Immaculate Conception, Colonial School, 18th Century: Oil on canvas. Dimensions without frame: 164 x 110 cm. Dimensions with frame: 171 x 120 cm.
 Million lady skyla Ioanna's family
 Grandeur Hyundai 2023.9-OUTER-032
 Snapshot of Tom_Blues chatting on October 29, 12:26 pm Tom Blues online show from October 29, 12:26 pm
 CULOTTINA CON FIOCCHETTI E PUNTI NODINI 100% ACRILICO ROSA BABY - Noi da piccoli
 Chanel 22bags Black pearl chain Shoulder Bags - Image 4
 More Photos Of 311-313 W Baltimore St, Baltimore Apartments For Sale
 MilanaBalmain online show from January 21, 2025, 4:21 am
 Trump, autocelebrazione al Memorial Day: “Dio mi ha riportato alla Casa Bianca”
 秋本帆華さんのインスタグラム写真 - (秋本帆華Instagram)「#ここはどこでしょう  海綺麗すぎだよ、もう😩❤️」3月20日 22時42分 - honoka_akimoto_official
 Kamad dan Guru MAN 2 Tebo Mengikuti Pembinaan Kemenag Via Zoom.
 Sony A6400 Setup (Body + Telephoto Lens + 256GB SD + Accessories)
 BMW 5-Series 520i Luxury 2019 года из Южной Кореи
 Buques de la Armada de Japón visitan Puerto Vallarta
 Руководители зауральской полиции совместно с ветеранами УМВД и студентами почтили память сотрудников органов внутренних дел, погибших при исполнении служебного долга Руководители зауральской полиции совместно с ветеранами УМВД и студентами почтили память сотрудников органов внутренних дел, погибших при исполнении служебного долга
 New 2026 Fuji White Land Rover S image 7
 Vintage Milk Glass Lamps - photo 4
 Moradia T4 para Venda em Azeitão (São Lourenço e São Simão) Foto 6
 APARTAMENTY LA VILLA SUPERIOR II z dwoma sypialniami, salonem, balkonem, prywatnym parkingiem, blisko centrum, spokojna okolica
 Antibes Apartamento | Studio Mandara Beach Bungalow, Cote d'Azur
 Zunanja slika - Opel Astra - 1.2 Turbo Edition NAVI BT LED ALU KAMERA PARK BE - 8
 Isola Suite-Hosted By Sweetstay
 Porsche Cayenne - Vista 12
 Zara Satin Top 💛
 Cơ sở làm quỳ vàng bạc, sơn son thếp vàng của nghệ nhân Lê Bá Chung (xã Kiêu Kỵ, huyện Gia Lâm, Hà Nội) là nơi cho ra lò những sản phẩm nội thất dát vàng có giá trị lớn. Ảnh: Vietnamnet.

Your goal:
Return only the lines spanning from the first line of the material through the line with "Isola Suite-Hosted By Sweetstay", copied exactly, both ends kept.

Response area:
Immaculate Conception, Colonial School, 18th Century: Oil on canvas. Dimensions without frame: 164 x 110 cm. Dimensions with frame: 171 x 120 cm.
 Million lady skyla Ioanna's family
 Grandeur Hyundai 2023.9-OUTER-032
 Snapshot of Tom_Blues chatting on October 29, 12:26 pm Tom Blues online show from October 29, 12:26 pm
 CULOTTINA CON FIOCCHETTI E PUNTI NODINI 100% ACRILICO ROSA BABY - Noi da piccoli
 Chanel 22bags Black pearl chain Shoulder Bags - Image 4
 More Photos Of 311-313 W Baltimore St, Baltimore Apartments For Sale
 MilanaBalmain online show from January 21, 2025, 4:21 am
 Trump, autocelebrazione al Memorial Day: “Dio mi ha riportato alla Casa Bianca”
 秋本帆華さんのインスタグラム写真 - (秋本帆華Instagram)「#ここはどこでしょう  海綺麗すぎだよ、もう😩❤️」3月20日 22時42分 - honoka_akimoto_official
 Kamad dan Guru MAN 2 Tebo Mengikuti Pembinaan Kemenag Via Zoom.
 Sony A6400 Setup (Body + Telephoto Lens + 256GB SD + Accessories)
 BMW 5-Series 520i Luxury 2019 года из Южной Кореи
 Buques de la Armada de Japón visitan Puerto Vallarta
 Руководители зауральской полиции совместно с ветеранами УМВД и студентами почтили память сотрудников органов внутренних дел, погибших при исполнении служебного долга Руководители зауральской полиции совместно с ветеранами УМВД и студентами почтили память сотрудников органов внутренних дел, погибших при исполнении служебного долга
 New 2026 Fuji White Land Rover S image 7
 Vintage Milk Glass Lamps - photo 4
 Moradia T4 para Venda em Azeitão (São Lourenço e São Simão) Foto 6
 APARTAMENTY LA VILLA SUPERIOR II z dwoma sypialniami, salonem, balkonem, prywatnym parkingiem, blisko centrum, spokojna okolica
 Antibes Apartamento | Studio Mandara Beach Bungalow, Cote d'Azur
 Zunanja slika - Opel Astra - 1.2 Turbo Edition NAVI BT LED ALU KAMERA PARK BE - 8
 Isola Suite-Hosted By Sweetstay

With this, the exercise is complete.